*Task*
Please print exactly the lines from the one containing "Ole Smokes Coffee" through the last line of the records, and only those. Leave out any pictures.

Segment Start: Supplied entries

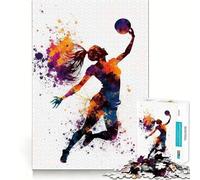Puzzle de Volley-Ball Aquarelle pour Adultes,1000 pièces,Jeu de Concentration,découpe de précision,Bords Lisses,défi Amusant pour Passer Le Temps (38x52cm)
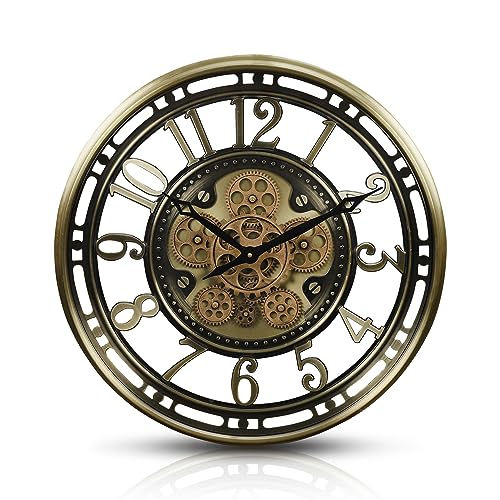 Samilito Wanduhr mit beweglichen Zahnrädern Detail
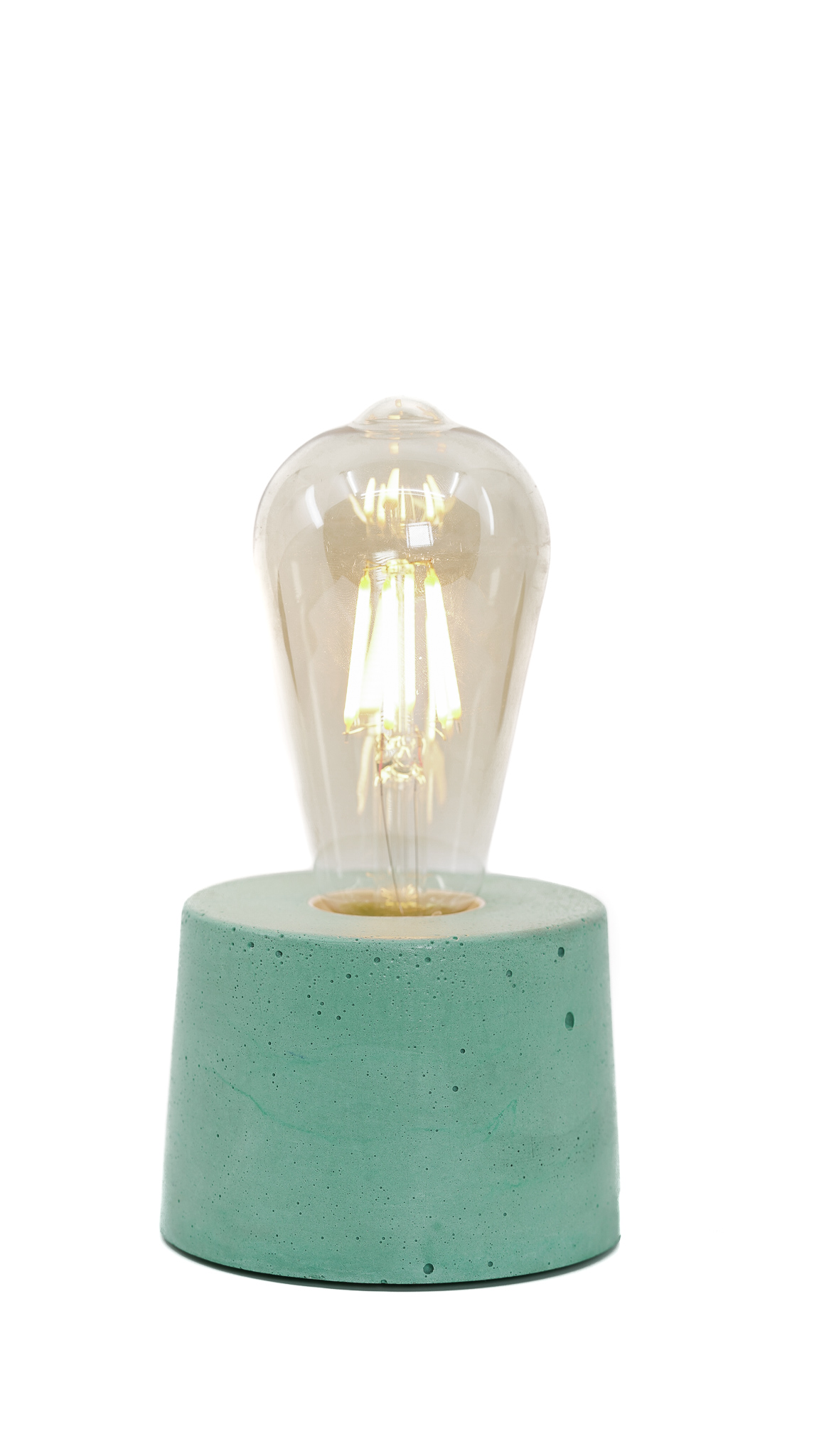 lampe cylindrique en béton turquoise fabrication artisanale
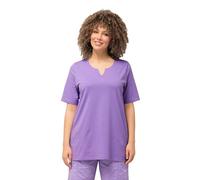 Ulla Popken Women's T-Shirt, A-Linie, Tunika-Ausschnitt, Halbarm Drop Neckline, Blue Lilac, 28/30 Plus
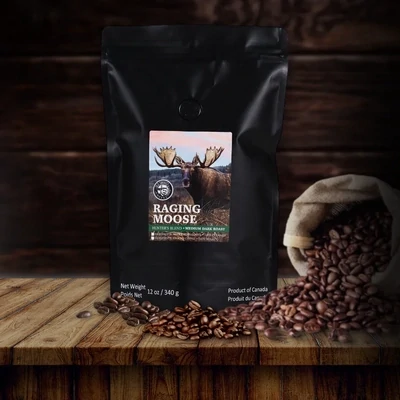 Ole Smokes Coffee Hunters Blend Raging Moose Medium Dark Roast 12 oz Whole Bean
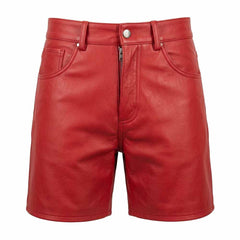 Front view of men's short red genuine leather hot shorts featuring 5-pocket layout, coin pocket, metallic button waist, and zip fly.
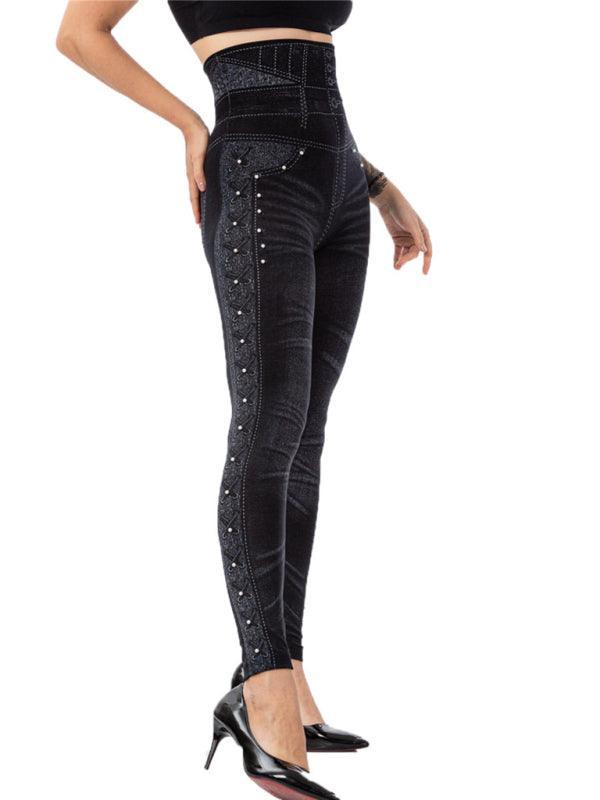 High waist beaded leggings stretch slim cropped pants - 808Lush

Segment End: Supplied entries

*Expected output*
 Ole Smokes Coffee Hunters Blend Raging Moose Medium Dark Roast 12 oz Whole Bean
 Front view of men's short red genuine leather hot shorts featuring 5-pocket layout, coin pocket, metallic button waist, and zip fly.
 High waist beaded leggings stretch slim cropped pants - 808Lush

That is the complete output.